Researchers from Mayo Clinic in the US have discovered a new way to reprogramme cancer cells back to normal, minimising the tumour growth.
According to Mayo Clinic Florida campus department of cancer biology chair and study senior investigator Dr Panos Anastasiadis, the finding represents, "an unexpected new biology that provides the code, the software for turning off cancer."
The researchers discovered a glue that interacts with the microprocessor and plays a crucial role in the production of molecules called microRNAs (miRNAs), which organise whole cellular programmes through simultaneously regulating expression of a group of genes.
The investigators determined that when normal cells come in contact with each other, a specific subset of miRNAs inhibits genes that promote cell growth.
These miRNAs are misregulated and cells grow out of control, when adhesion is interrupted in cancer cells.
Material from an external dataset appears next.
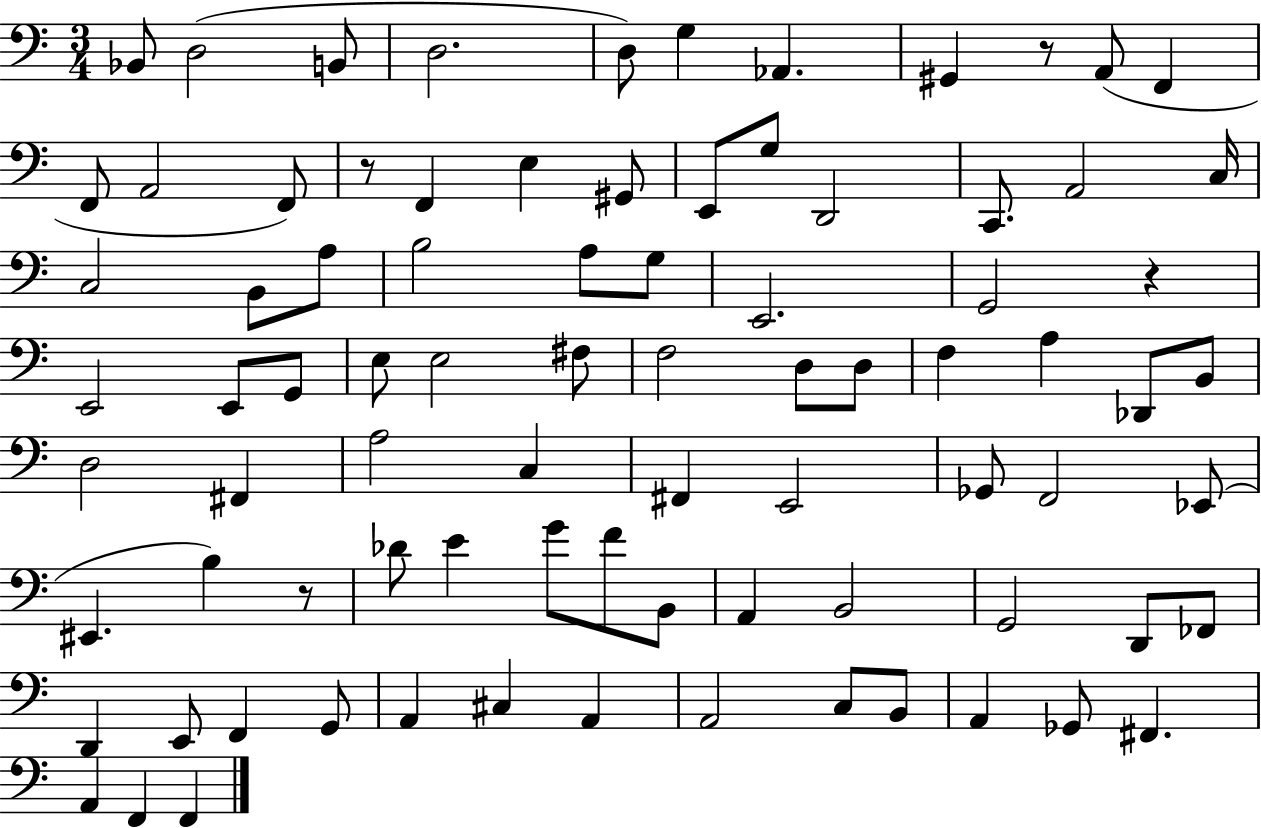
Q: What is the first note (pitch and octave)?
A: Bb2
In laboratory experiments, the researchers demonstrated that restoring the normal miRNA levels in cancer cells can reverse that deviate cell growth.
Study lead author Dr Antonis Kourtidis said: "The study brings together two so-far unrelated research fields, cell-to-cell adhesion and miRNA biology, to resolve a long-standing problem about the role of adhesion proteins in cell behaviour that was baffling scientists."
The conflicting reports about E-cadherin and p120 catenin have made researchers to carry out study. These adhesion proteins are essential to form normal epithelial tissues and are considered to be tumour suppressors.
Dr Anastasiadis said: "However, we and other researchers had found that this hypothesis didn't seem to be true, since both E-cadherin and p120 are still present in tumour cells and required for their progression."
The researchers also studied a new protein called PLEKHA7 that associates with E-cadherin and p120 only at the top, or the "apical" part of normal polarised epithelial cells.
They found that PLEKHA7 maintains the normal state of the cells through a set of miRNAs, by attaching the microprocessor to E-cadherin and p120. At this stage, E-cadherin and p120 exert their good tumour suppressor sides.